Problem details: A word-for-word copy of the data, with no images, is the required answer.

Provided data:

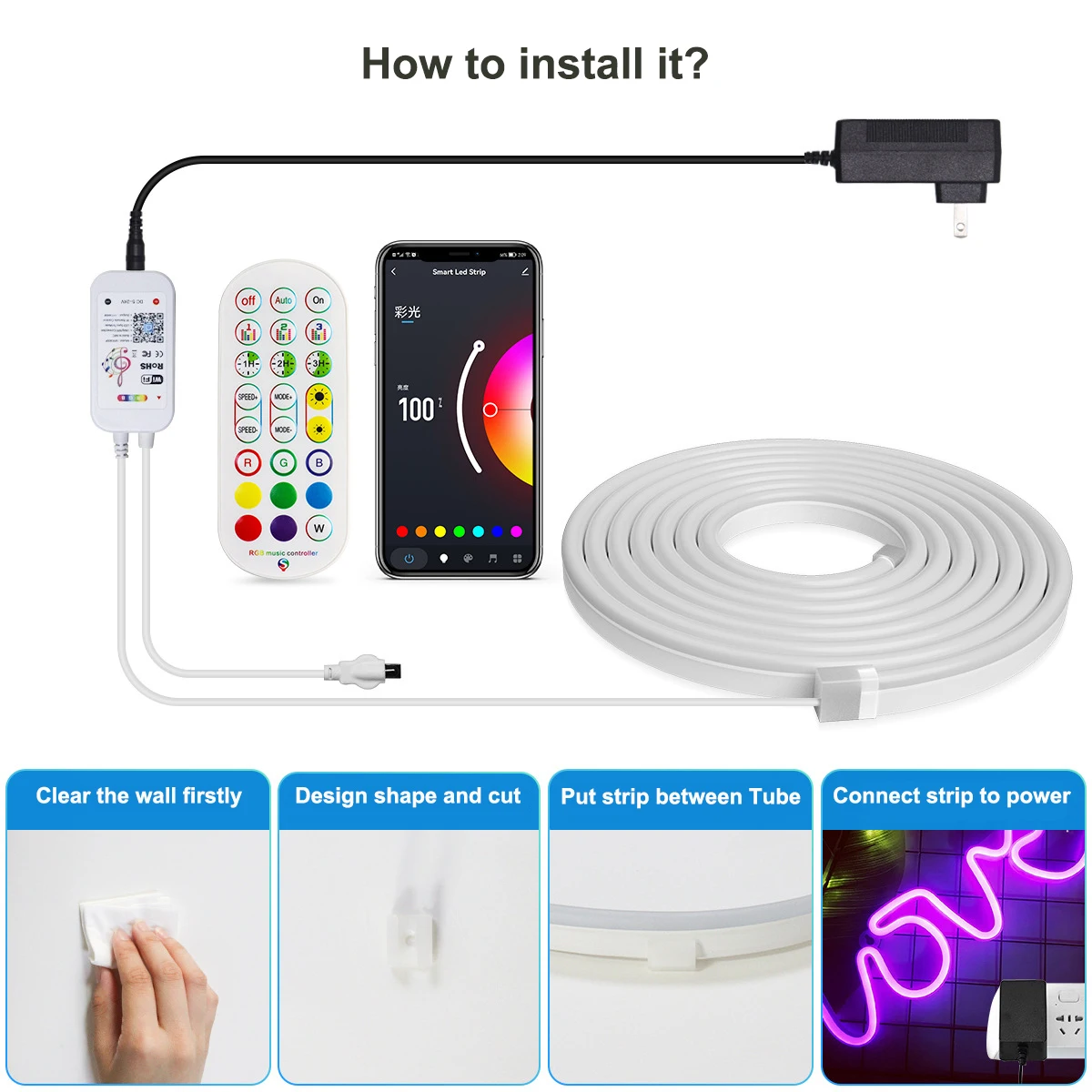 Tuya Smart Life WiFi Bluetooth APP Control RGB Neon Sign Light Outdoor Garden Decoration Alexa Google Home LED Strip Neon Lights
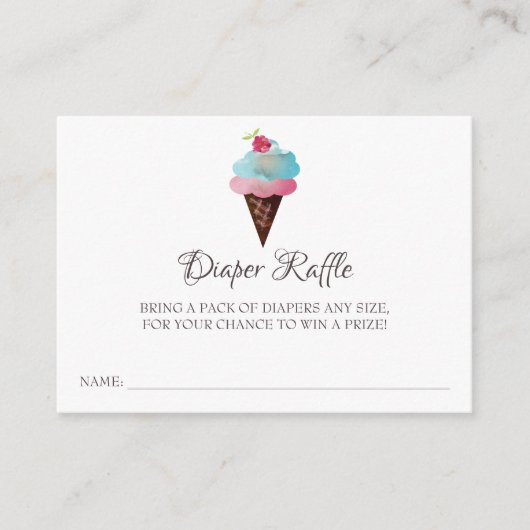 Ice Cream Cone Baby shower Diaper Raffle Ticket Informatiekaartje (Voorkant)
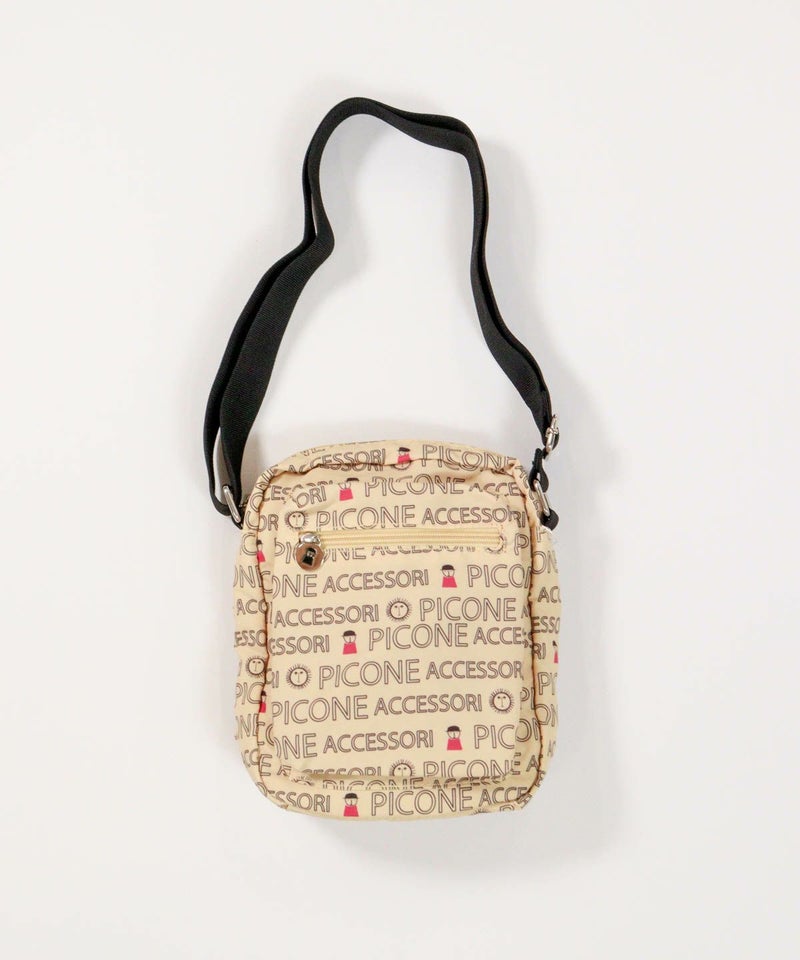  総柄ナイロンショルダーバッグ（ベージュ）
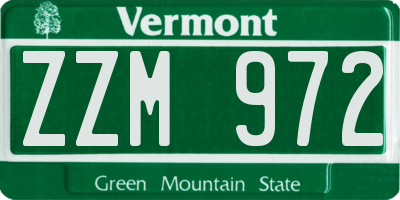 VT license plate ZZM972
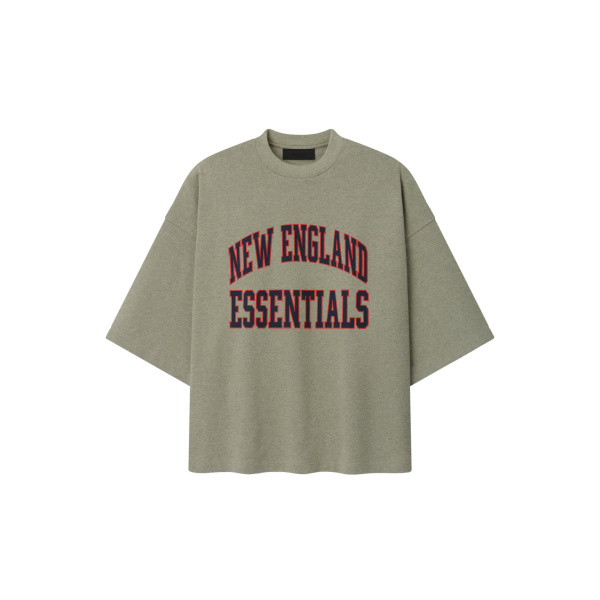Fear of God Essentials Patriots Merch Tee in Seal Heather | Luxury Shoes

Answer section:
 Tuya Smart Life WiFi Bluetooth APP Control RGB Neon Sign Light Outdoor Garden Decoration Alexa Google Home LED Strip Neon Lights
 Ice Cream Cone Baby shower Diaper Raffle Ticket Informatiekaartje (Voorkant)
  総柄ナイロンショルダーバッグ（ベージュ）
 VT license plate ZZM972
Fear of God Essentials Patriots Merch Tee in Seal Heather | Luxury Shoes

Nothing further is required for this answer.